Day 179: Heart – Little Queen
I’ve spent a good few hours revamping my masterlist today, so I’m giving myself the gift of a short write-up. I’ve reorganised it from being 10, 9-9.5, 8-8.5 etc. to the more straightforward structure of 10, 9.5, 9, 8.5, 8, etc. I also changed the order so that the older ones are on the bottom so that you’re less likely to click on early stuff with the crappier writing. Not that I’ve improved massively in the course of the project, but still.
Album cover courtesy of Sony Music Entertainment
Today is another artist who I’ve covered before (so that I don’t have to write the background info) and I decided to go for a group that was so good that I wrote “I’m about to listen to everything they’ve ever made,” and then I proceeded not to do that. It’s time. I’m going for Heart’s 1977 release, Little Queen.

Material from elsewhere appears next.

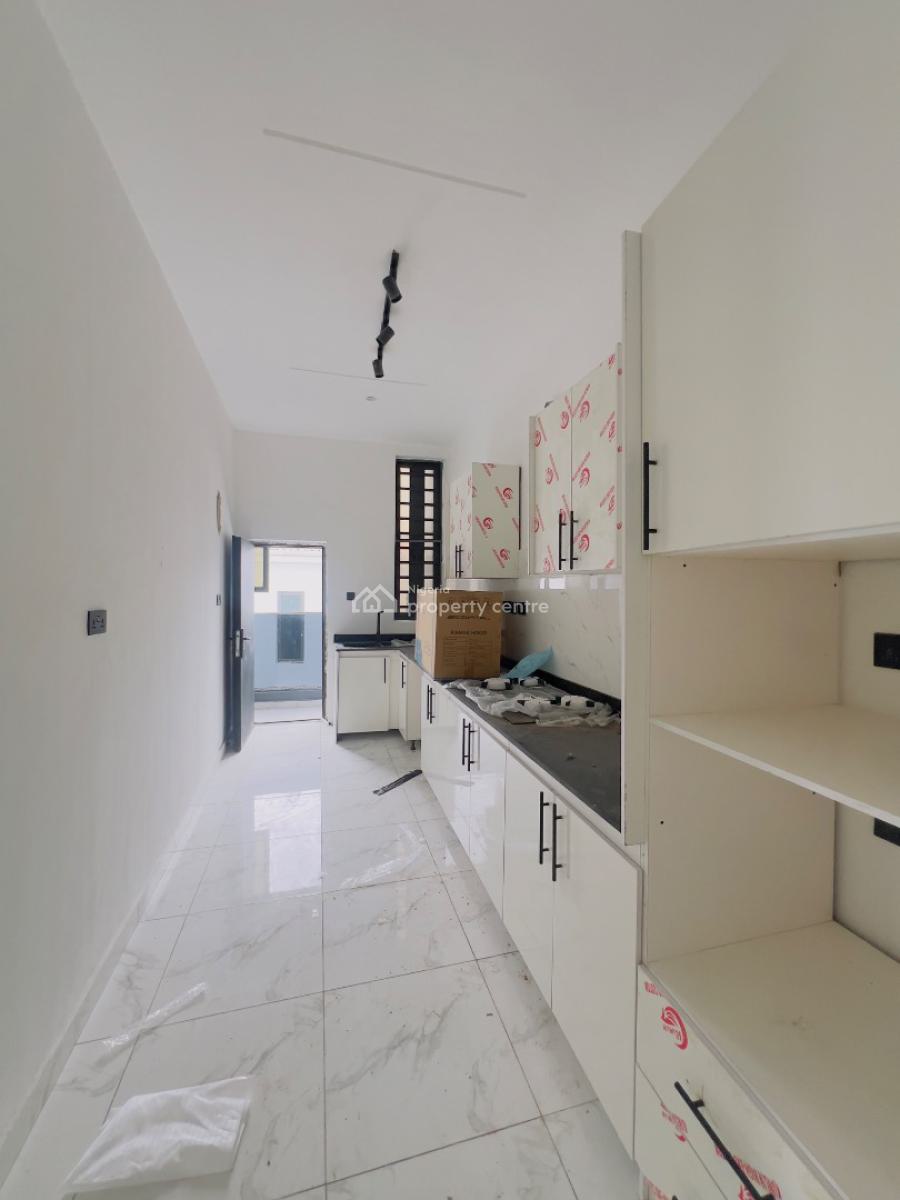 Serviced 3bedroom Apartment with Bq, Ologolo, Lekki, Lagos, Flat / Apartment for Rent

Heart had issues with their label after they decided to take out a full-page ad in Rolling Stone to celebrate that they sold a million copies of Dreamboat Annie, which sounds like a nice gesture, but they did it by making a fake tabloid cover where Ann and Nancy Wilson look naked that said “Heart’s Wilson sisters confess: ‘It was only our first time!'” They managed to get out of their contract, sort of, but the label insisted on them releasing another album, which they put out one month before the release of Little Queen.

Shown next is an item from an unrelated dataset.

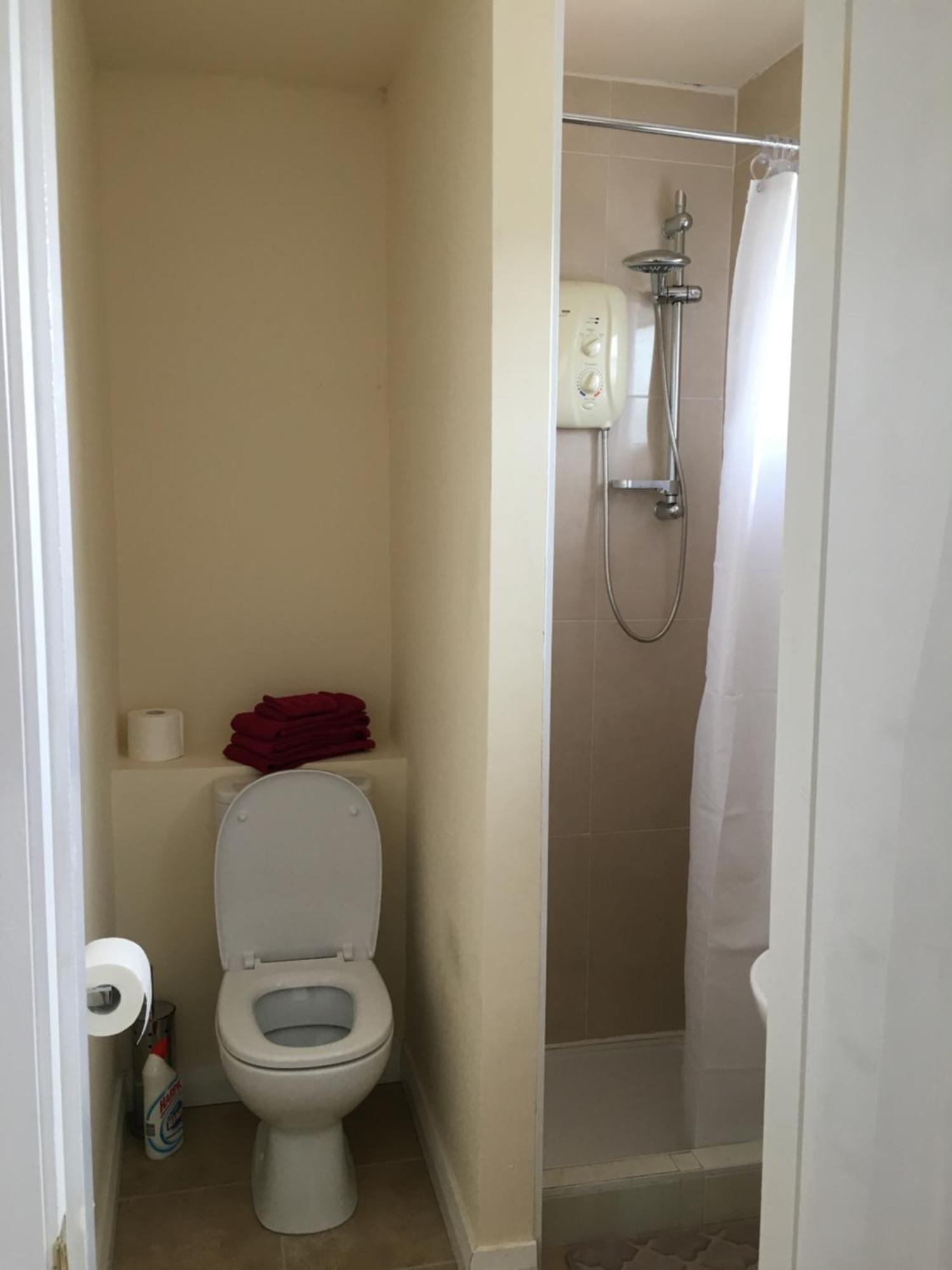 Private Double Rooms & Twin Rooms Rahoon Galway Exterior photo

The opener of Little Queen kind of refers to something related to their dispute: a radio promoter had approached Ann Wilson making a joke that she’s in an incestuous relationship with her sister, so she went back to her hotel room seething with rage and wrote the now-iconic diss track “Barracuda”.
That song is a hard act to follow, but the rest of the album does manage to keep up. However, I’m not as enamoured by this as I was with Dreamboat Annie. It’s still a good collection of ‘70s hard rock songs, but it lacks a little bit of the magic that their first album had. The Zeppelin influences are still loud and clear, especially on “Dream of the Archer”, and the guitars on the album are incredible, but something about it just seems disjointed.
This is a frustrating one to write about because I feel like it’s missing something, but I just can’t seem to point my finger at what that is. All the building blocks are there, but something about it just doesn’t get me all the way there. It’s still a decent album, though, but falls short of its potential. I’m giving it an 8.5/10.